My family has been dairy farming in my region for 170 years. My great-great-grandfather founded the Bega Cheese co-op and was its first chairman. The Dairy Industry Association was absolutely livid about the decentralisation policy under which the APVMA moved to New England, destroying the agency's capability. We've heard Senate evidence that it has been hindered for at least another seven years while it tries to recover from the loss of 30 per cent of its scientists and most of its staff. It was completely unnecessary sabotage of agriculture in an area where we need research to help adapt to drought conditions and climate change. That's where the effort has to be—in the science and assistance that we apply to this issue—and that is exactly what the Productivity Commission highlighted. They said that exceptional circumstances 'do not help farmers improve their self-reliance, preparedness and climate change management'.

We put in place a COAG process involving the setting up of primary industry standing committees and standing councils. They were dismantled by the coalition, so no progress was made on developing a federation-wide approach to drought policy. It was really unfortunate. We've lost so much time—nearly six years now. This adaptation is the real issue. We've heard talk about the Regional Investment Corporation. We're looking at loans to farmers, which they have to pay back. Building on what the member for Mallee's comments underline, what farmers need is self-sufficiency. We need policy platforms that support that.
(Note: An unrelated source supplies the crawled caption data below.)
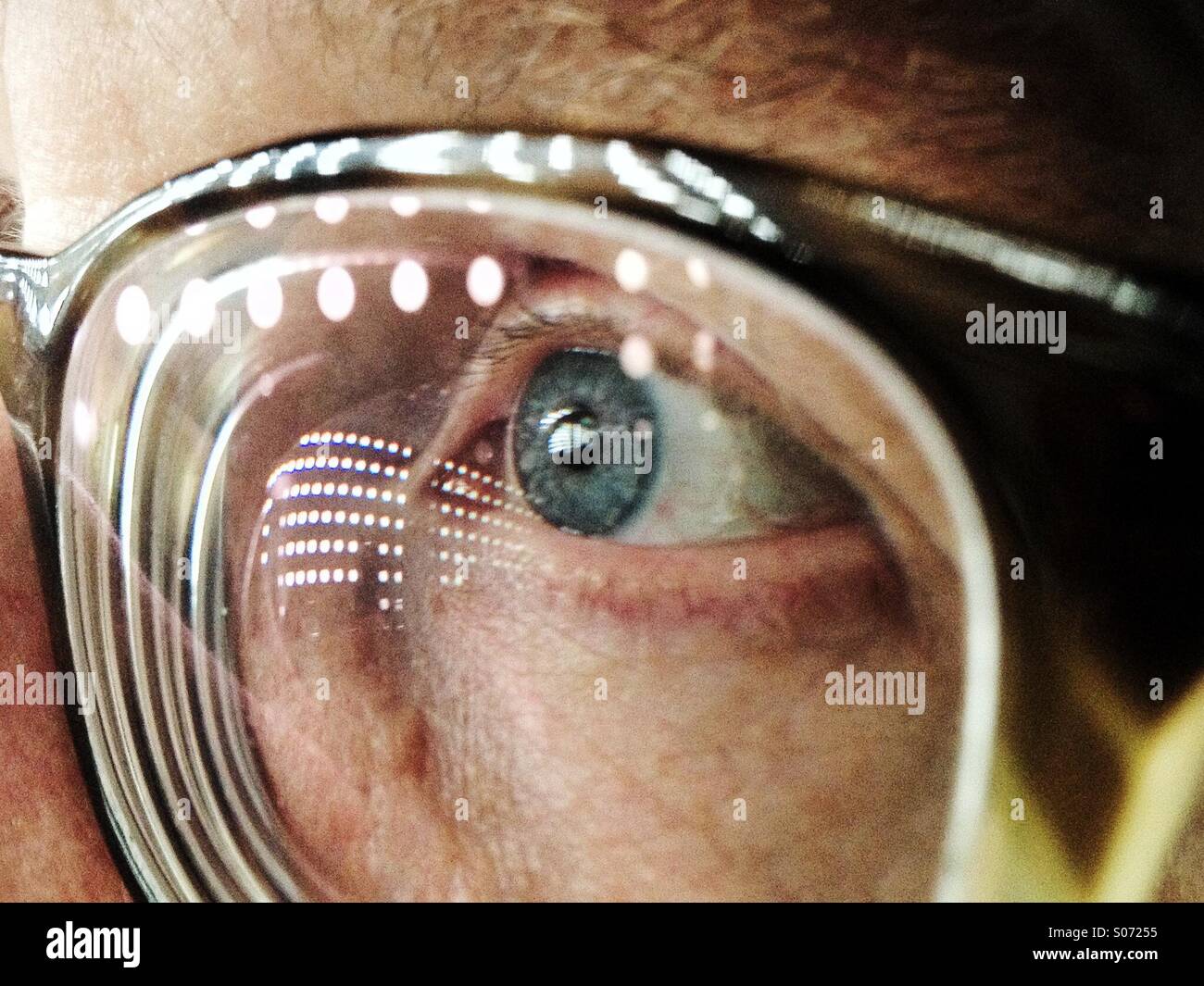 Man with glasses and reflections - Smartphone Captured Stock Image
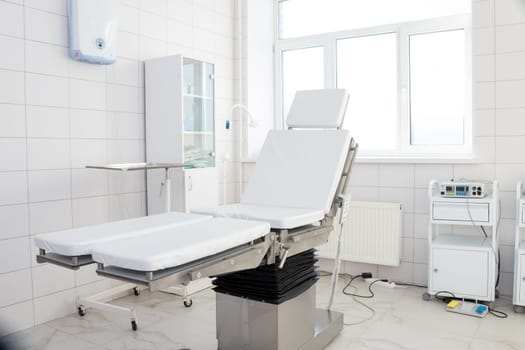 Hospital interior design with operating table and lamp with cabinets and modern devices in light surgery room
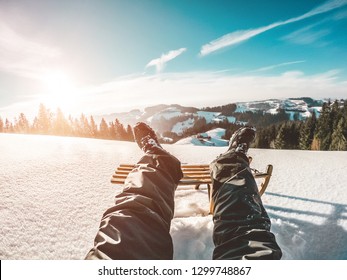 Pov View Of Young Man Looking The Sunset On Snow High Mountains With Vintage Wood Sledding - Legs View Of Travel Influencer Creating Content - Winter Vacation Concept - Focus On His Feet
We talked about export. Another area the coalition destroyed was our regimes around supporting and getting live export on a more sound footing. Our inspector-general regime was one of those matters that were going to give certainty to the supply chain. That has been dismantled by the member for New England. That has put us back to square one. Every time one of these incidents happens with live exports, butchers tell me that the meat market goes through the floor. People stop eating meat when they see these terrible images. They react terribly to these shocking circumstances. That was another mistake. We've also seen what has been happening with the Murray-Darling Basin Authority. There are issues there around water efficiency and how that improves the situation of farmers in drought. There are so many issues that our farmers need to start adopting because of drought conditions, such as drip irrigation and the like.
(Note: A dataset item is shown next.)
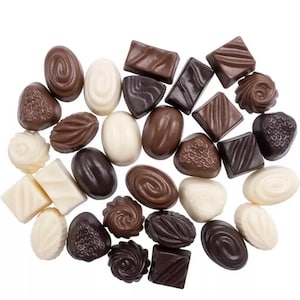 Pode incluir: Um sortimento de chocolates variados em uma variedade de formas e tamanhos. Os chocolates estão dispostos em um círculo sobre um fundo branco. Os chocolates são uma mistura de chocolate preto, ao leite e branco.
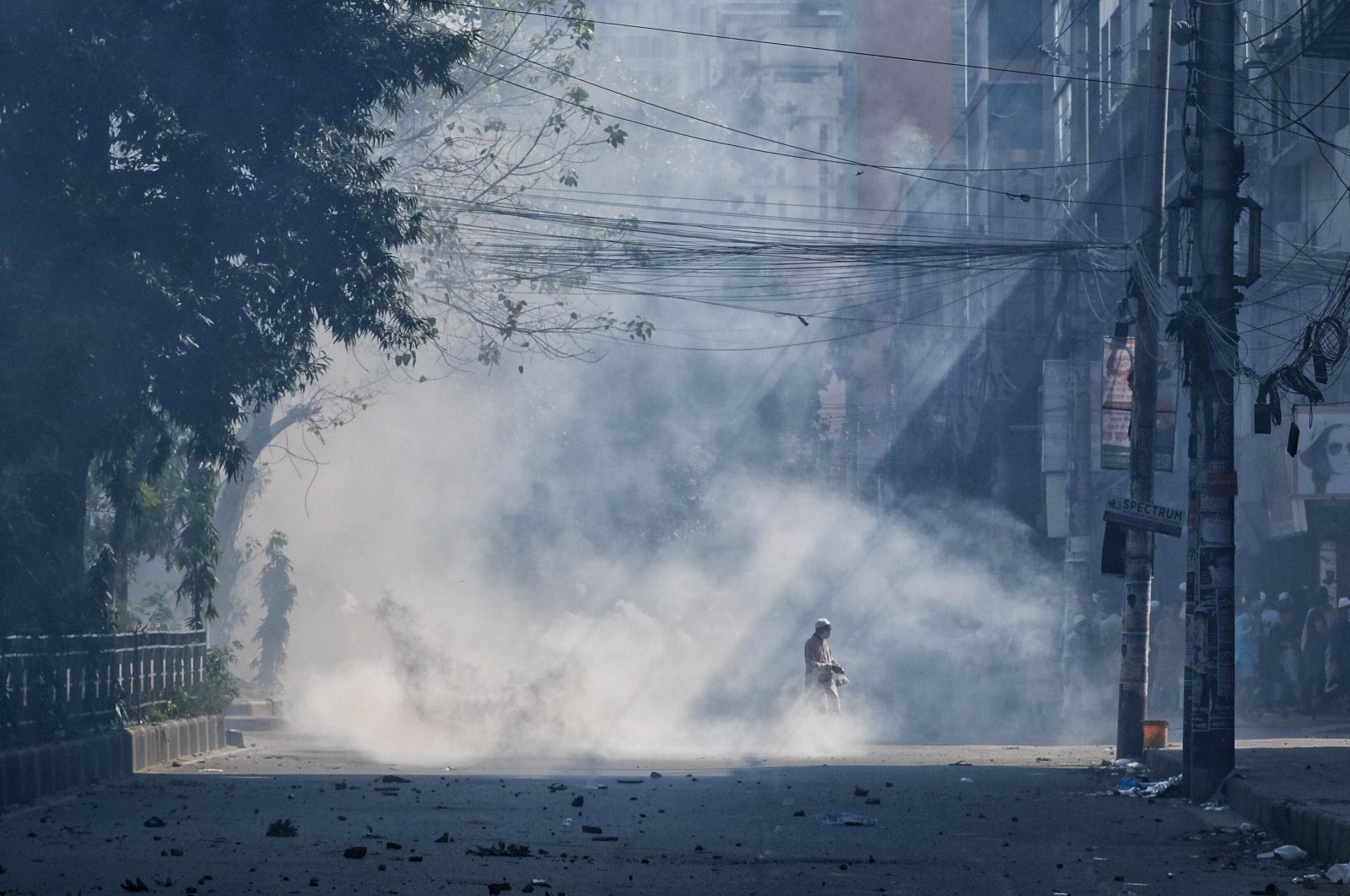 Teargas smoke rises after police clashed with Muslim devotees during a protest over an alleged desecration of the Quran, outside Bangladesh's national mosque Baitul Mukarram, Dhaka, Bangladesh, Oct. 15, 2021. (AP Photo)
When we're talking about dealing with this challenge of drought and climate change, one of the most important policy initiatives of the previous government was the carbon farming initiative. This was going to allow farmers to diversify their income base and adopt strategies that address climate change. It was also going to help sequester carbon in the landscape and improve the health of soils. We saw what was possible out of that: the long-term answer to some of the techniques of no-till farming, stubble management and the like; improving hydration of the landscape through some of the natural sequence farming theories; and also the wave of regenerative farming options that we're seeing farmers adopt. In my region, we had a fantastic meeting of farmers at Yass recently. In particular, a wonderful farmer down in the Cooma region, Charles Massey, who has a PhD, presented so many great suggestions for regenerative farming. That's what we need to do: have policy that gets behind our farmers to help them adapt. My Monaro Farming Systems crew worked with CSIRO to have a modelling tool for their properties that gives them the ability to plan over a 50-year cycle, using their grass-grow modelling technique.

Sound policy on dealing with climate change and sound policy to make farmers more efficient will see them through droughts of the future. What we're seeing is this government absolutely turning its back on those critical policy areas.